Genesis 42:38 - John Trapp Complete Commentary

Bible Comments

And he said, My son shall not go down with you; for his brother is dead, and he is left alone: if mischief befall him by the way in the which ye go, then shall ye bring down my gray hairs with sorrow to the grave.

Ver. 38. Then shall ye bring down my gray hairs, &c.] To the state of the dead; not to hell, or Limbus Patrum. Many of the ancients erroneously held that men's souls were not judged till the last day; nor rewarded or punished, but reserved in some secret receptacles unto the general judgment. Bellarmine would hence prove Purgatory. a Luther also seems to approve of that figment of the fathers; for in his notes upon this text, he will have "Sheol" here translated "the grave," to be an underground receptacle of all souls, where they rest and sleep till the coming of Christ.
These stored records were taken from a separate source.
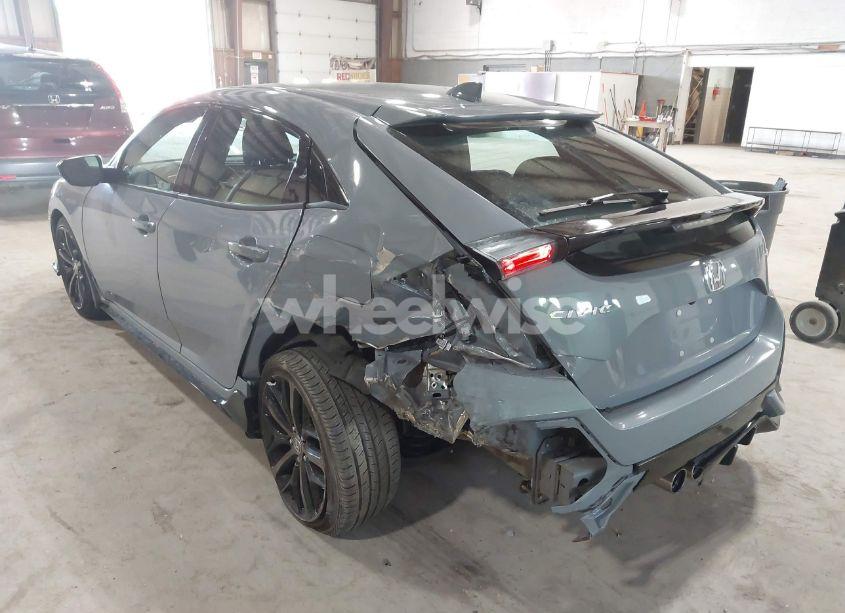 Photo 6 of 2021 Honda Civic SPORT (VIN SHHFK7H45MU405216)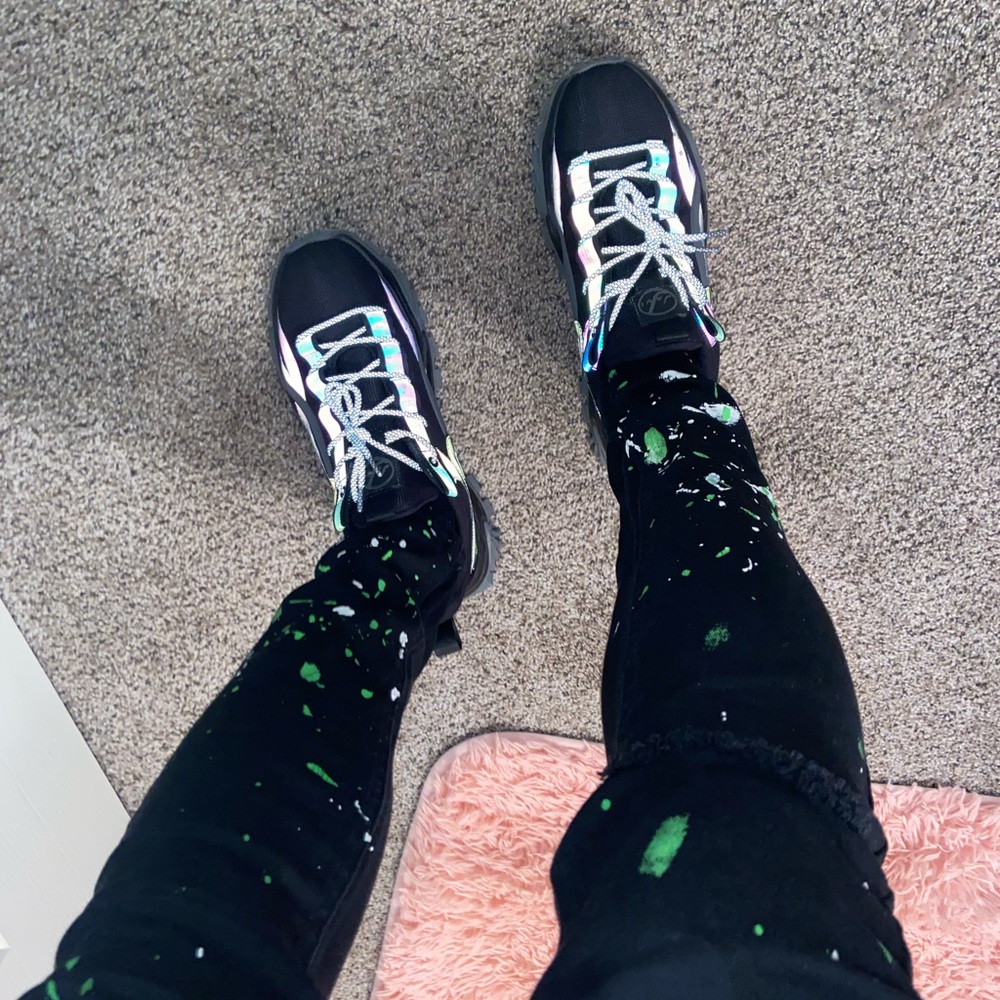 Men’s Black Skinny Jeans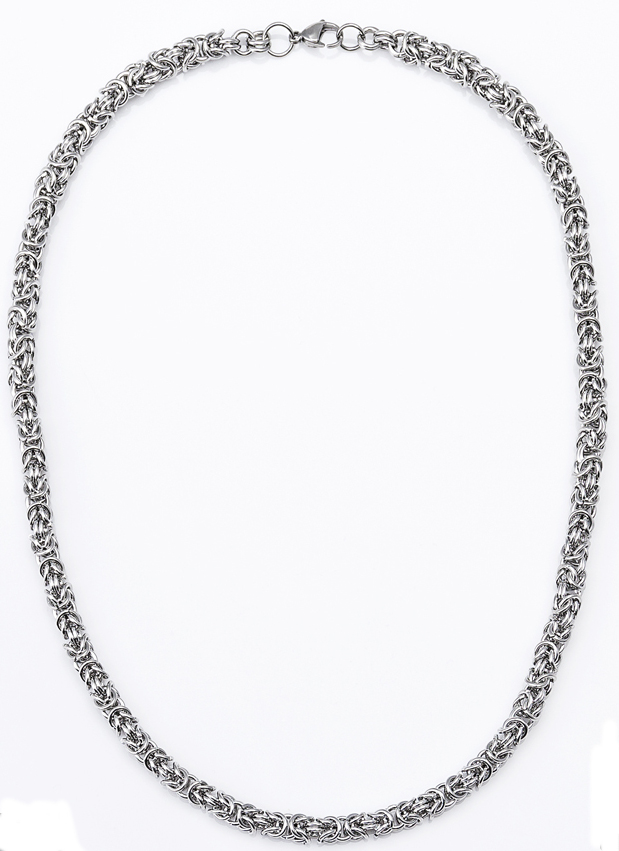 Northern Viking Jewelry NVJKE001 Kingchain necklace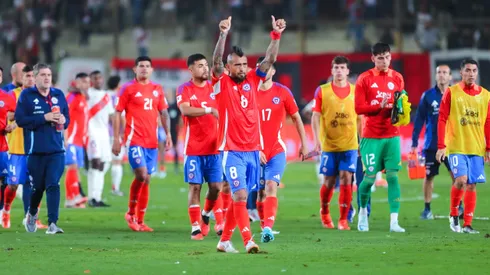 La Roja viene de empatar sin goles ante Perú.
But gray hairs descend not farther than the grave. And Luther somewhere entreats his readers, that if they find anything in his books that smelleth of the old cask, they should consider he was not only a man, but some time had been a poor monk, &c.

a Bell., De Purg., lib. i.

Genesis 42:38

38 And he said, My son shall not go down with you; for his brother is dead, and he is left alone: if mischief befall him by the way in the which ye go, then shall ye bring down my gray hairs with sorrow to the grave.